Um exemplo são os moradores da aldeia de Felipe Bailerín: eles gostariam de abrir um processo, exigir o direito a suas terras. Mas isso é caro, e em geral os indígenas não possuem escrituras dos territórios.
Ruim com as Farc, pior sem elas
O acordo de paz entre Caracas e as Forças Armadas Revolucionárias da Colômbia (Farc) teve o apoio de grande parte da população indígena no país. Eles esperavam tratar-se de um primeiro passo em direção à paz e a uma distribuição de terras mais justa. Porém, com o tratado vieram novos problemas.
"A repartição estatal responsável pela devolução das terras geralmente delibera em favor dos latifundiários, não dos indígenas", afirma Lauer Perez. "Pode-se dizer que o desrespeito aos direitos continua desenfreado, mesmo que sem violência armada."
Além disso, com a retirada das Farc também desapareceu aquela que era, até certo ponto, uma instância de proteção para os índios. Embora a guerrilha fosse indesejada pela maioria das comunidades nativas, ela não era o maior inimigo.
"Com as Farc, chegava-se a algum tipo de arranjo. Sabia-se o que elas queriam, por exemplo plantar coca.
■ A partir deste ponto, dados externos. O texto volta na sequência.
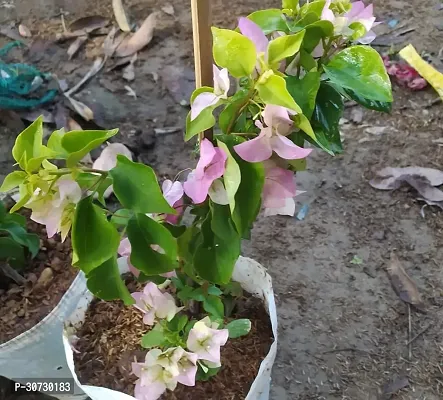 The Entacloo Baugainvillea Plant Baugainvillea Plant Disha-000216-thumb0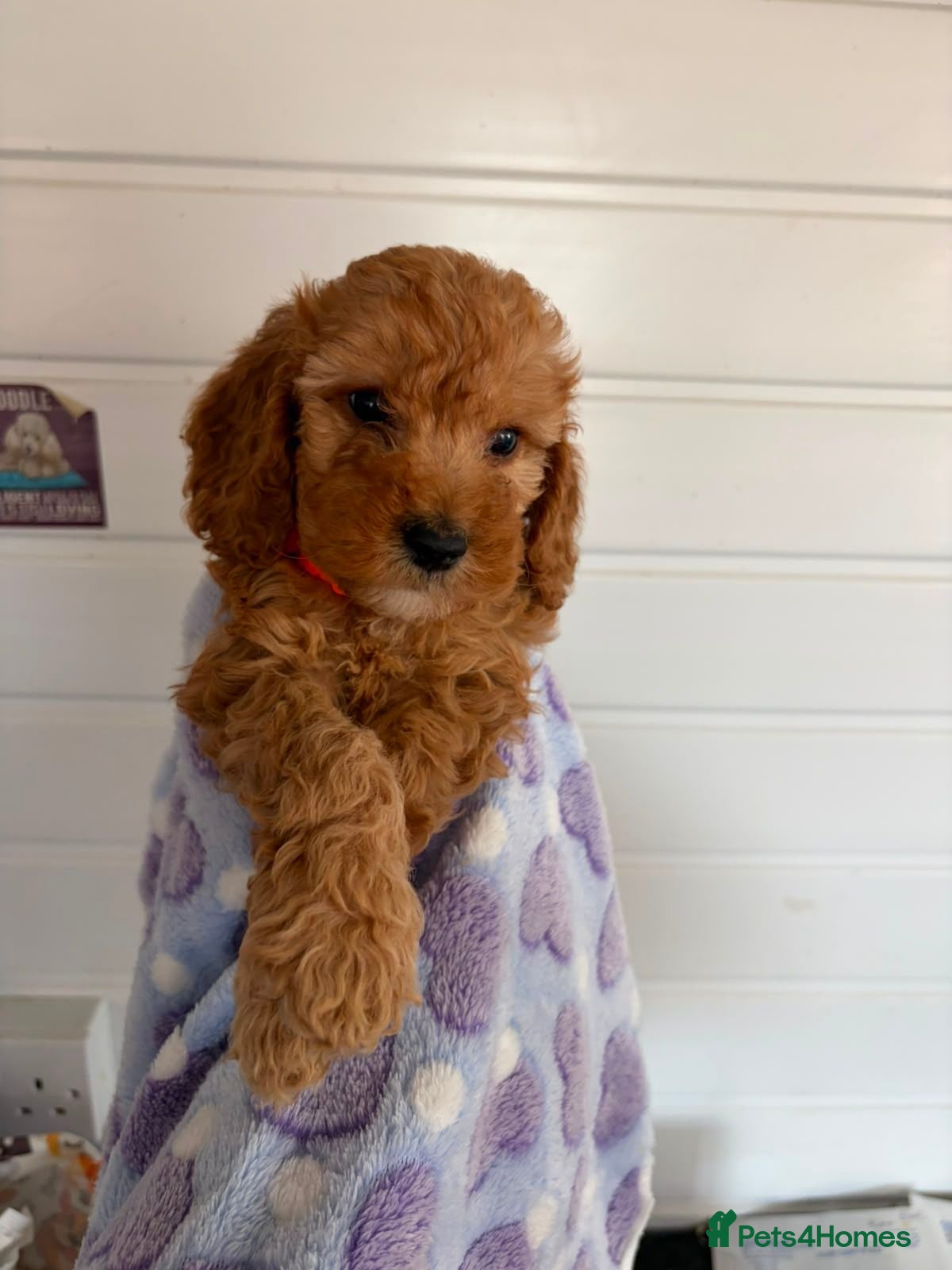 Cockapoo dogs F1 4 cockapoo girl puppies ready 14th August  - Advert 17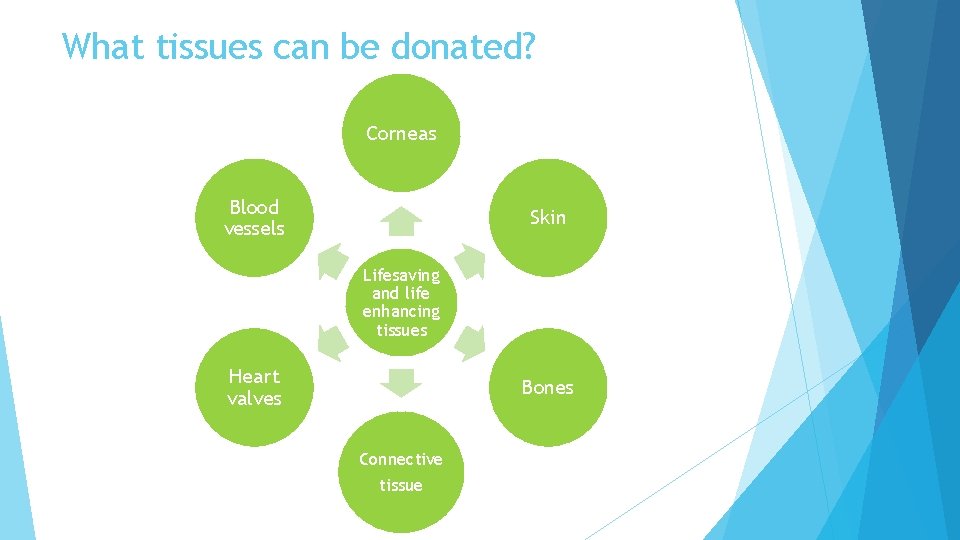 What tissues can be donated? Corneas Blood vessels Skin Lifesaving and life enhancing tissues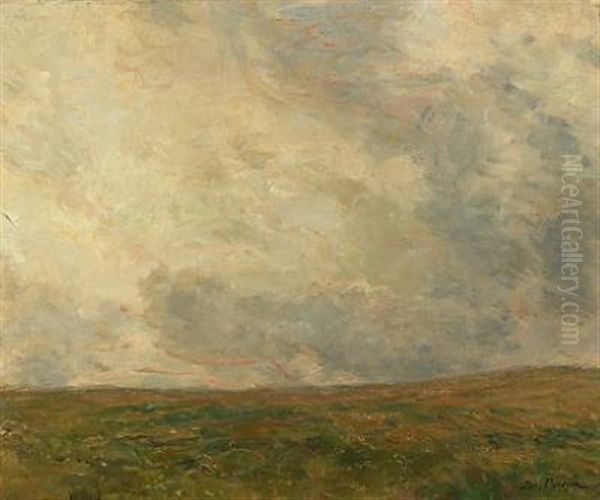 Landscape In Cloudy Weather Oil Painting by Julius Paulsen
Mas, na concepção dos índios, elas respeitavam a terra e cuidavam para que as indústrias agropecuária e mineradora não entrassem lá", explica Lauer Perez. "Os indígenas estão muito apreensivos sobre como a coisa pode ser contida." Por parte do governo, eles não têm por que esperar grandes ajudas.
Também na opinião de Ulrich Morenz, assessor para a Colômbia na Associação para Povos Ameaçados (GfbV, na sigla em alemão), as Farc representavam um certo "poder ordenador" para os nativos, apesar de tudo. Agora, quando problemas aparecem, ninguém mais sabe com quem negociar. "Bem rápido a decepção se espalhou, pois viu-se que as Farc foram substituídas por outros grupos. Isso também tornou os contextos, em parte, ainda mais complexos."
Indígenas resistirão
Novos e antigos grupos guerrilheiros, quadrilhas criminosas e paramilitares procuram atualmente preencher o vácuo de poder deixado pelas Farc, desde seu desarmamento, e penetram nas suas antigas regiões.
"As ocorrências violentas, de fato, diminuíram, mas parece que agora se assassina de forma mais direcionada", relata Morenz. "Ativistas sociais, também numerosos indígenas, são atingidos por essas matanças", as quais "acontecem com frequência desproporcional nas regiões em que as Farc eram antes ativas".
Monika Lauer Perez, da Adveniat, acredita que os indígenas colombianos ainda sofrerão muito, após o tratado de paz. "Mas também acho que eles não vão recuar, como fizeram tantas vezes na história. Acredito que eles estão dispostos a assumir essa briga. Não pegando em armas, mas com seus meios tradicionais, pacíficos."
Na aldeia de Felipe Bailerín, é fato que, nos últimos anos, a violência recuou. Mas a luta está longe de ter acabado. Afinal, como dizem os próprios nativos, um indígena sem terra não é um indígena.